This is ridiculous. Under half the city is nowhere near a "very comprehensive job." No newspaper, magazine, or any other reputable publisher would dream of putting out an article where they analyze the 19 states East of the Mississippi River and North of the 36th Parallel, plus Montana, Florida, Alabama, Oregon and New Mexico, and then list the top 20, call the article "The Best States to Live in America," and respond to criticism of this by claiming they did a "very comprehensive job, on balance," and complaining that doing the other 25 states would be too much work. But yet, that is exactly what this article does - just substitute "New York City" for "America" and "Neighborhoods" for "States."
I don't necessarily even have a problem if NY mag wants to discount everything outside of Manhattan and Brownstone Brooklyn. But it is not "the 50 best neighborhoods to live in New York." It's "the 50 best neighborhoods to live in yuppie New York." I would have actually liked this a lot better than throwing in a few neighborhoods outside this area for what seems to be the sole purpose of showing they're considering more than Manhattan, Brownstone Brooklyn, and Western Queens. When I was in college at my very white Midwestern state school, one year they noticed the cover of a University publication happened to only feature white faces. So did they look for another scene on campus to shoot that was more diverse? No. Did they try and recruit more minorities? No. Did they even just say "hey, I guess this is who we are, so we'll just go with it." No. They used the same picture - but just photoshopped in a few random, darker faces. This is the first thing that came to my mind when I saw the neighborhood selection for the article.
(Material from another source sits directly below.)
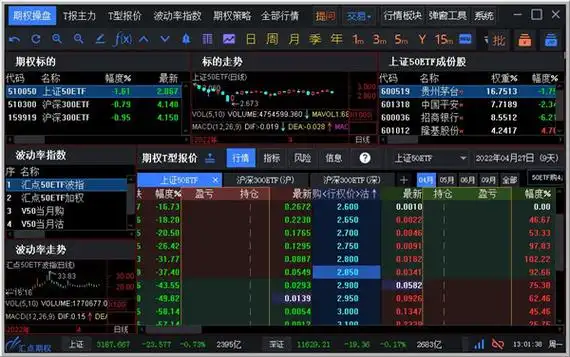  长富配资官网股票配资炒股网：揭秘股票配资的奥秘与风险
Really this is about me, and many other residents and lovers of the city, being fed up with half the city being completely ignored. If you like Brownstone Brooklyn better than the East Bronx, hey, I don't have a problem with that - so do I. But I at least give both of them a chance. I don't pretend the East Bronx doesn't exist, and don't pretend that it's somehow not part of New York City. And if you only have the resources to survey half the city, why is it always taken for granted that everywhere in Manhattan, Brownstone Brooklyn, and Western Queens must automatically be included, while a few of the rest of the neighborhoods of the city maybe get squeezed in if there's room? Why not distribute them equally throughout the 5 boroughs? Or, better yet, why not first eliminate the neighborhoods where 90% of New Yorkers won't be able to even afford in the first place, instead of starting with them?
There's a lot of publications in this city that focus on one or two particular areas, or ethnic groups, or cultures. But Caribbean Life doesn't call itself "New York Life." The Jewish Press doesn't call itself the "New York Press." The Queens Tribune doesn't call itself the "New York Tribune." Only one culture - the upscale yuppie culture - has the chutzpah to focus on one part of the city and call itself "New York Magazine."